*RECORDS*.
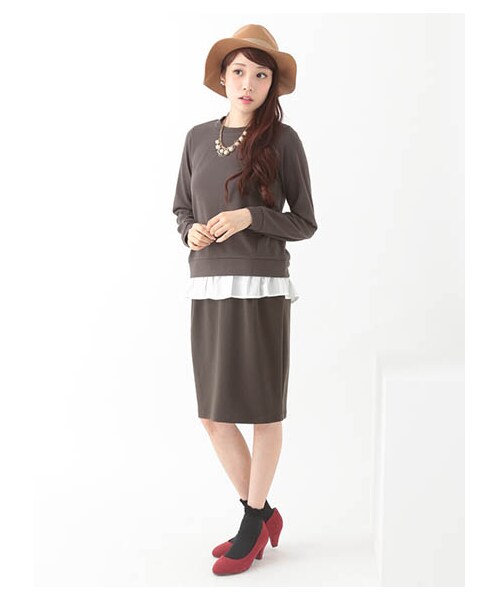 earth music&ecology（アースミュージックアンドエコロジー）の「＜WEB限定大きな・小さなサイズ＞タイトスカート（スカート・杢グレー/ブラック/ボルドー/カーキ/ダークグリーン・XS/L）」の12枚目の写真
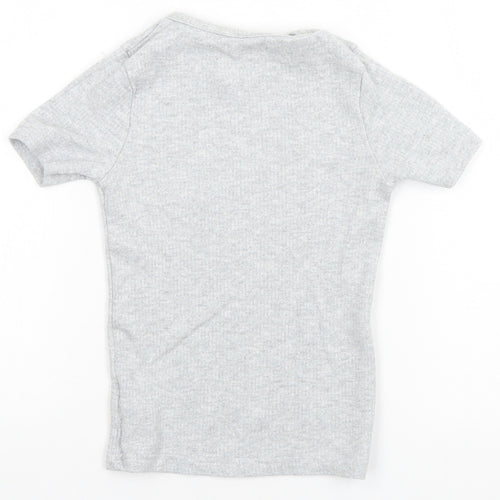 F&F Boys Grey  Cotton Basic T-Shirt Size 7 Years Round Neck
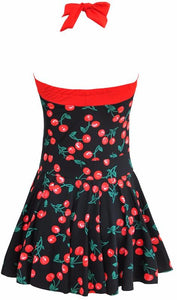 Halter Skirt Swimsuit (cherry)
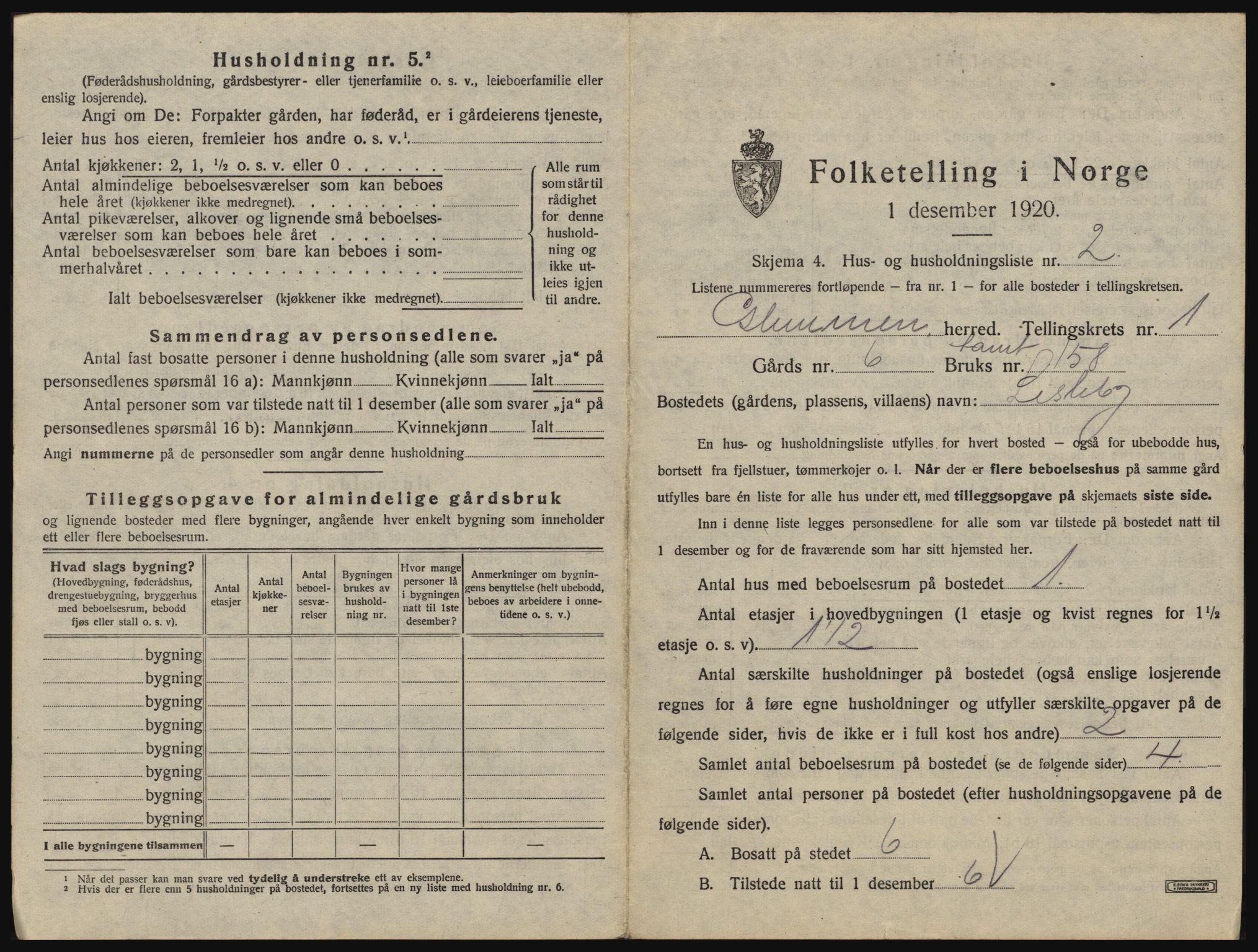 SAO, 1920 census for Glemmen, 1920, p. 61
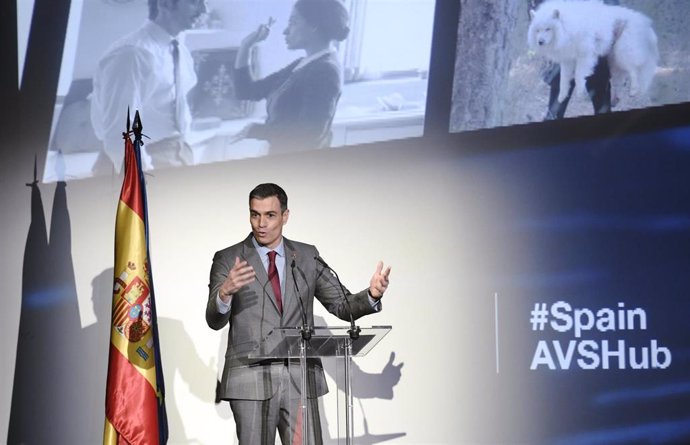 Archivo - El presidente del Gobierno, Pedro Sánchez, interviene en la presentación del Plan 'Spain Audiovisual' Hub, en el Cine Doré, en Madrid (España), a 24 de marzo de 2021.  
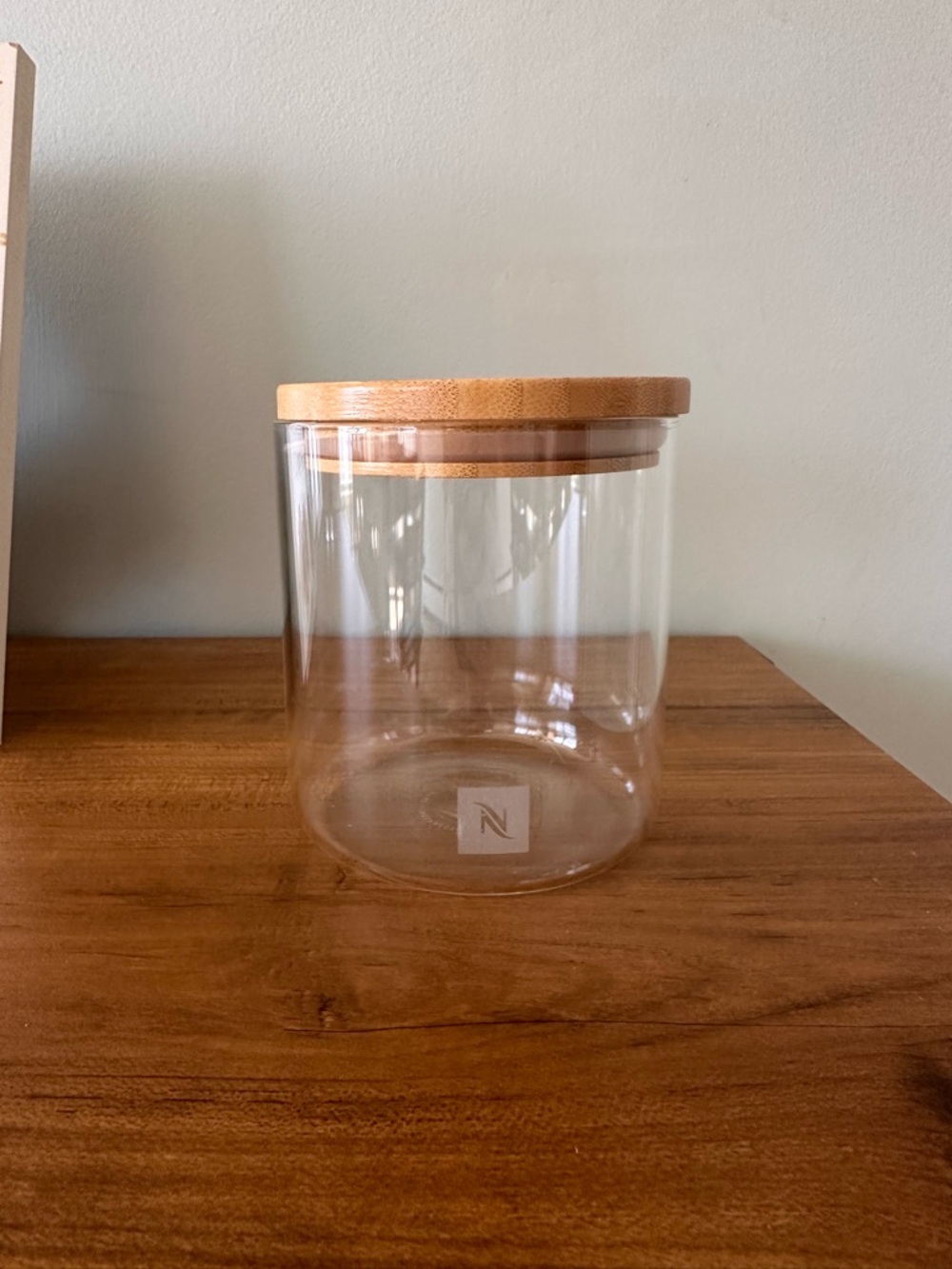Nespresso Clear Glass Storage Jar with Bamboo Lid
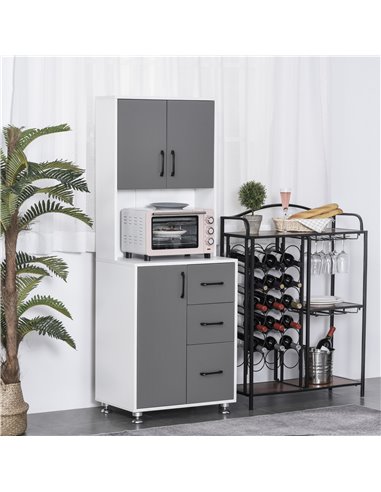 HOMCOM Modern Kitchen Cupboard with Storage Cabinets, Grey 835-341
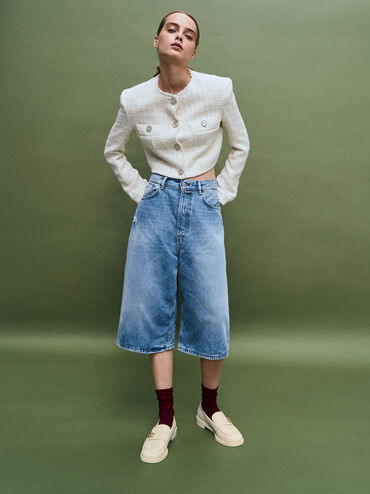 Metallic-Accent Loafers, Chalk, hi-res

*YOUR TASK*.
Each entry should be output word for word, with no pictures carried over.

*ANSWER SPACE*.
 earth music&ecology（アースミュージックアンドエコロジー）の「＜WEB限定大きな・小さなサイズ＞タイトスカート（スカート・杢グレー/ブラック/ボルドー/カーキ/ダークグリーン・XS/L）」の12枚目の写真
 F&F Boys Grey  Cotton Basic T-Shirt Size 7 Years Round Neck
 Halter Skirt Swimsuit (cherry)
 SAO, 1920 census for Glemmen, 1920, p. 61
 Archivo - El presidente del Gobierno, Pedro Sánchez, interviene en la presentación del Plan 'Spain Audiovisual' Hub, en el Cine Doré, en Madrid (España), a 24 de marzo de 2021.  
Nespresso Clear Glass Storage Jar with Bamboo Lid
 HOMCOM Modern Kitchen Cupboard with Storage Cabinets, Grey 835-341
 Metallic-Accent Loafers, Chalk, hi-res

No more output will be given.